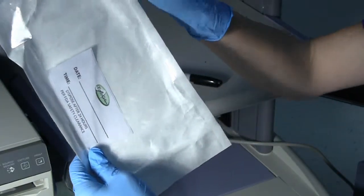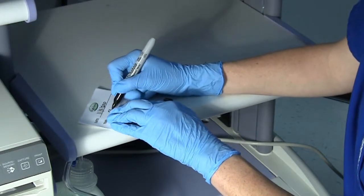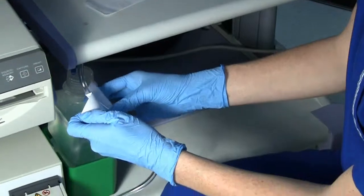Each endogator comes with a date and time sticker in each package. Take the sticker out and fill in the appropriate time and date. Then place the sticker around the endogator tubing.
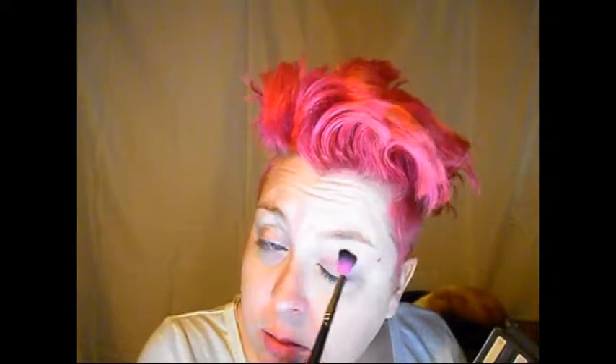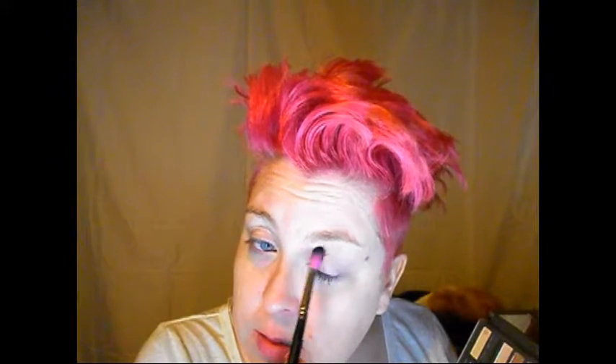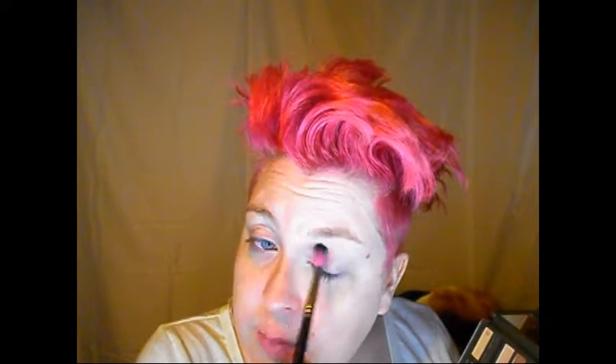Now we're going to start off with the Naked 2 by Urban Decay. We're going to start going in with the color Foxy — work that into your crease, up to your brow bone, to give yourself a nice base so it's easy to blend out the darker shades.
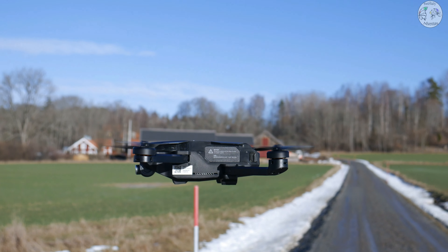Forse qualcuno si ricorderà della recensione dello Yuneec Mantis, fatta in collaborazione con Yuneec — l'unica collaborazione — perché nonostante mi avessero mandato il drone ne ho parlato male lo stesso. Se la recensione vi piace, lasciate un pollice in su e un commento, sia che abbiate lo Zino Mini SE, che non l'abbiate, o se lo volete comprare. Dai ragazzi, partiamo finalmente con questa recensione.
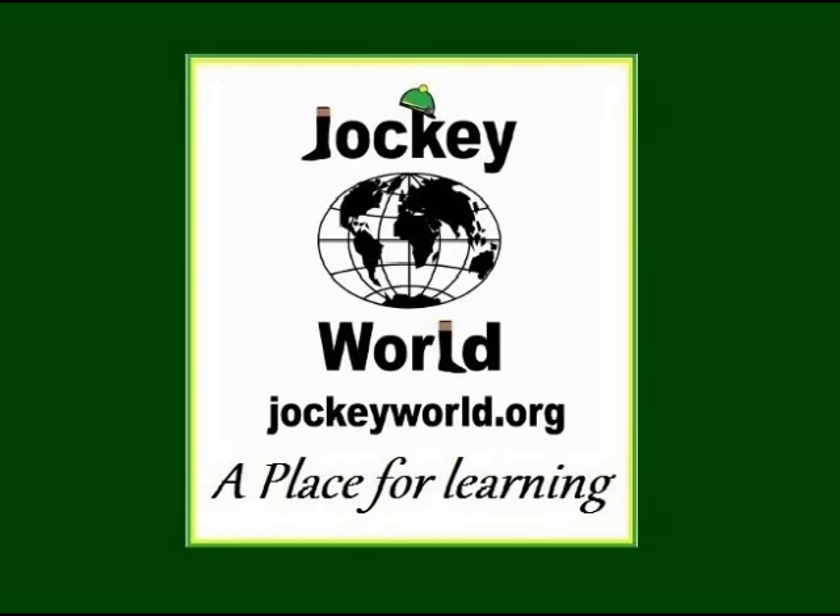Welcome to Frankie Lovato's 365 Days of Racing Terminology. This series is for you, the fans, and in support of Jockey World's mission to improve, promote, and provide more education, health, and safety into the world of horse racing.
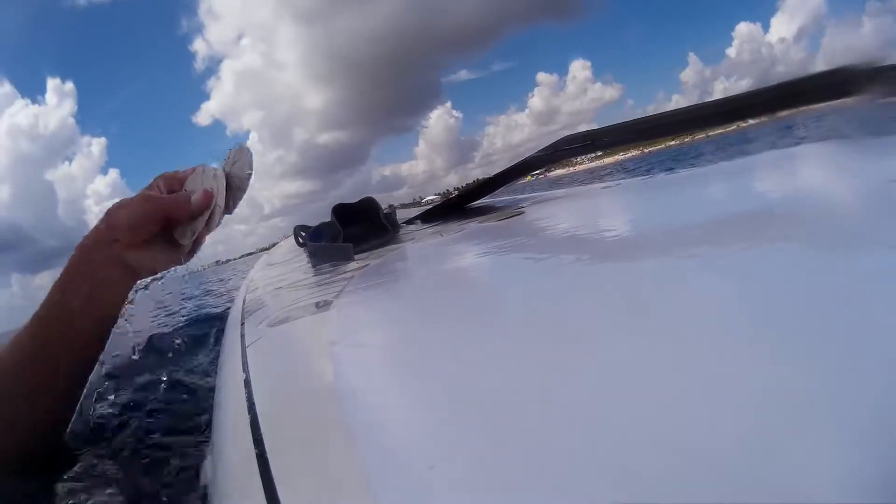So I just kind of swim down and grab a couple, just like that, and then bring them back up. I got about four or five of them this time. Just set them up on the paddleboard right there.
____
- [What this task involves] Exactly those lines that run from the line holding "Welcome to Frankie" to the end of the listing above, both included, are to be reproduced, with pictures left out.

- [Response to this task]
Welcome to Frankie Lovato's 365 Days of Racing Terminology. This series is for you, the fans, and in support of Jockey World's mission to improve, promote, and provide more education, health, and safety into the world of horse racing.
So I just kind of swim down and grab a couple, just like that, and then bring them back up. I got about four or five of them this time. Just set them up on the paddleboard right there.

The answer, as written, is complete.